Tuesday, August 23, 2011

Facepainting

I've found that kids have an innate way of revealing profound spiritual truths through their behavior.

This past Friday, my church had a festival of sorts for the kids in our JAM programs that we called the JAMboree.  There were games, food, races, crafts, prizes, and, of course, fun.  I was signed up to help with facepainting for the first shift.  Now, the last time I did anything remotely artsy was doodling in study hall my freshman year of high school.  Needless to say, I was a bit worried about my skill level.  And yes, I was painting the faces of 5 year olds who couldn't even see what I was composing on their face, but I couldn't help it.

Anywho, a little boy named Lucas hopped up on my chair and pointed directly at the sketch of Mario (from Super Mario Bros.) that Tim (our Graphic Designer Big JAM overseer... go figure) had drawn.  And, of course, I couldn't talk him out of it.  Surprisingly, my steady hand and attention to detail proved invaluable as I proceeded to draw a magnificent rendition of my man Mario.  As I continued to paint perfection on Lucas' face, he struggled to maintain his composure and was getting antsy.  He kept fidgeting, moving his head around, shifting each way so I was painting in awkward positions.  I kept trying to tell him to sit still and be patient, but it was tough.  "If he could only see what I can see," I thought to myself.  Finally, I dotted both eyes with a really stellar blue paint and declared victory.  He was thrilled when he looked at the pane of glass on the door and saw his favorite video game character immortalized (for the next 47 minutes) on his right cheek.  Mission accomplished.  My tagline:  "Just call me Pablo."

Parallelism.  Feel free to insert your name where I have put first person pronouns.
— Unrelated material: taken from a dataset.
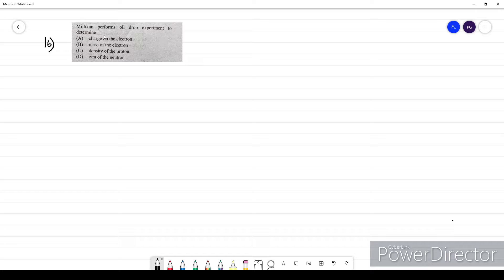Question sixteen: Millikan performed the oil drop experiment to find the charge of the electron. This is a theoretical question. The answer for question 16 is E — to find the charge of the electron, he did the oil drop experiment.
As I thought about what had transpired with Lucas Friday, I couldn't help but see the resemblance with what God is trying to do in my life.  God is trying to create a masterpiece out of my life.  He wants desperately to see the perfection of His Son lived out through me.  With each brushstroke, each circumstance, learning opportunity, and manifestation of His grace, He deeply wants to create excellence out of me.  The problem is me.  I fidget.  I turn my face to awkward positions.  I don't listen.  I smack the brush away.  I smear what's already been completed.  I'm so incredibly impatient.  I'm sure God is frustrated with me and my stubbornness.  But I'm also sure that He will never stop painting and creating a masterpiece even though I may get in the way.  Our God is the true Master Artist.



Father,
You are the true Master of the Painted Sky.  I know You are wanting so badly for me to be exactly who You created me to be.  I know that You are molding me and building me and I know that You are faithful to complete that which You began.  You will not leave me incomplete.  You are creating a masterpiece in me.  Father, help me to let go and let You perform this work.  I know Your vision for my life is far greater than I could imagine.  I struggle with believing it because I can't see the masterpiece you are painting on my face.  Help me in my unbelief.  Help me to be patient and wait expectantly for You to make me the man you always intended me to be.
Sincerely, Your son and blank canvas.